Before looking at the area of ​​a triangle…

Before looking at the area of ​​a triangle…

I said yesterday that the area of ​​a triangle is half the area of ​​a rectangle. I was also asking you to think about it. You will also think.

Before that we need to see a few things. There are four so-called fundamental geometrical forms in mathematics. They are, 1. Square, 2. Rectangle, 3. Triangle, 4. Circle.

A square is a shape with all four sides equal. Do fifty fifty biscuits come to mind when you think of square? Also, if it is a square, then the diagonals must be equal. If we ask whether there is a shape whose diagonals are not equal, all four sides are equal. Its name is rhombus. Don't be afraid that such a form suddenly emerges after saying that there are four basic geometrical forms.
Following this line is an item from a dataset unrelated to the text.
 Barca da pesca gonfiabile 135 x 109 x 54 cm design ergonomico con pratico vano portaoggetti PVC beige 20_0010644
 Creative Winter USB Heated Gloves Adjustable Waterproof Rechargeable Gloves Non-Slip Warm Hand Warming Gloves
We are going to see about it very simply later.

A rectangle is a figure whose length and breadth are equal. When you think of rectangles, do you think of Milk Bikis biscuits? Also, if the rectangle is a rectangle, the diagonals must also be equal. Otherwise it will become parallelogram. Let's call it a slanted rectangle. Don't be afraid of new shape again. Let's see about this very simply later.
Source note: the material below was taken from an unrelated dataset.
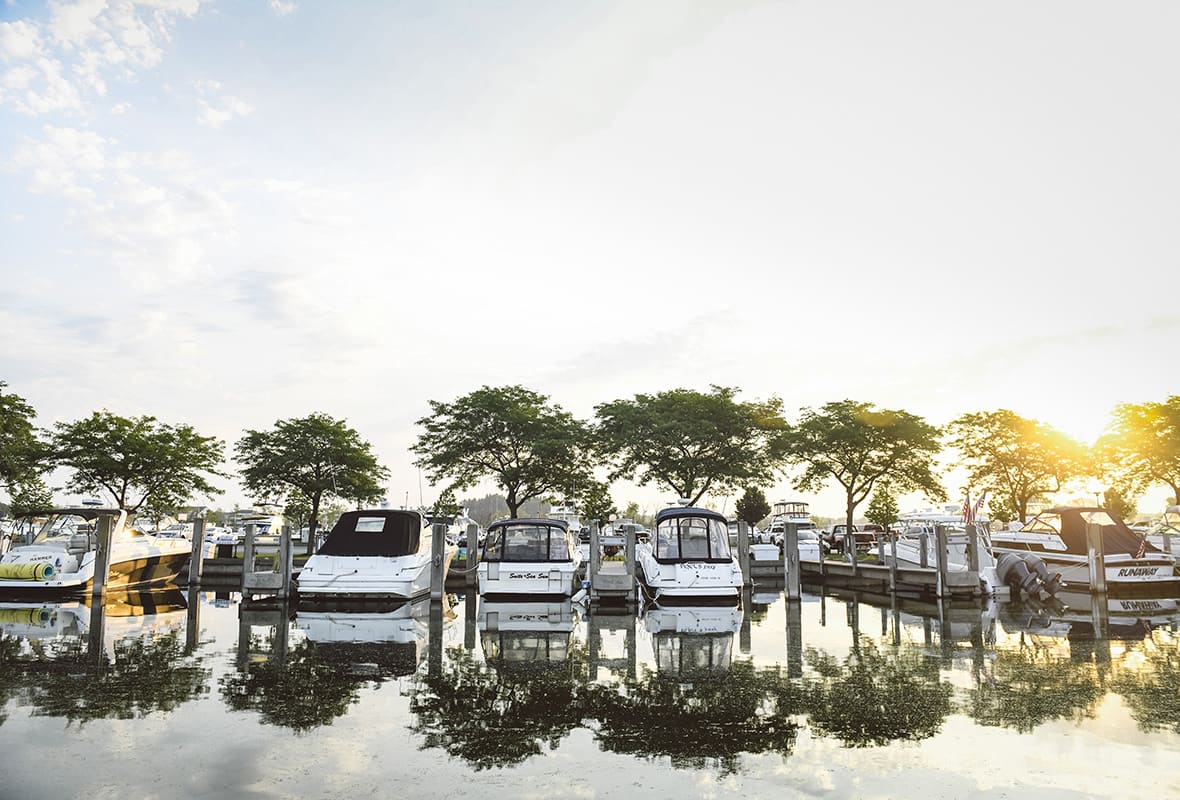 Boats docked at marina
If you ask what you mean by this, when you say area, you have to consider the diagonals just as you have to consider the product of adjacent sides. We need to talk about it now because the diagonals will play an important role in calculating area in later forms. So now we have to be careful about area and diagonal as well as product of adjacent sides.

That's right. You have no confusion about the diagonal. Don't you know that a diagonal is the line that joins the corners of a shape?

Now come to the area of ​​the triangle, you say? Before that, let's see a little bit about the circle. Does circle make you think of Mary Biscuits? Let that be enough. If I talk more than this, you will not adjust me. Let's learn more in detail when we look at the circle. I don't stop your interest in finding the area of ​​the triangle any longer.

Would you believe that triangle is the biggest subject in mathematics? Trigonometry is a separate paper in the degree course. You wonder if there is a separate sheet for the samosa-like triangle.

A triangle is a figure enclosed by three sides, but there are many types. All three sides of a triangle may be equal if the sides are taken. Otherwise, only two sides can be equal. Otherwise, all three sides may be unequal. Right, so there are three types of opportunities?

Thus, when viewed in terms of sides, if all three sides are equal, then the triangle is called an equilateral triangle. If only two sides are equal, it is called an isosceles triangle. If all three sides are unequal, it is called a scalene triangle.

These three types of triangles can be acute triangles, right-angled triangles or oblong-angled triangles based on the angles. What do you call the next classification? Is that it? If a triangle has three sides, must it have three angles? It is a classification based on how those three angles are formed.

Think for yourself. A triangle means that all three angles can be acute. Or it can be two acute angles and an obtuse angle. All three angles cannot be obtuse because there is a rule in mathematics that the sum of the three angles of a triangle must come to 180⁰. We will see if this rule is correct later. So two obtuse angles are not even possible in a triangle. Only one obtuse angle is possible in triangle.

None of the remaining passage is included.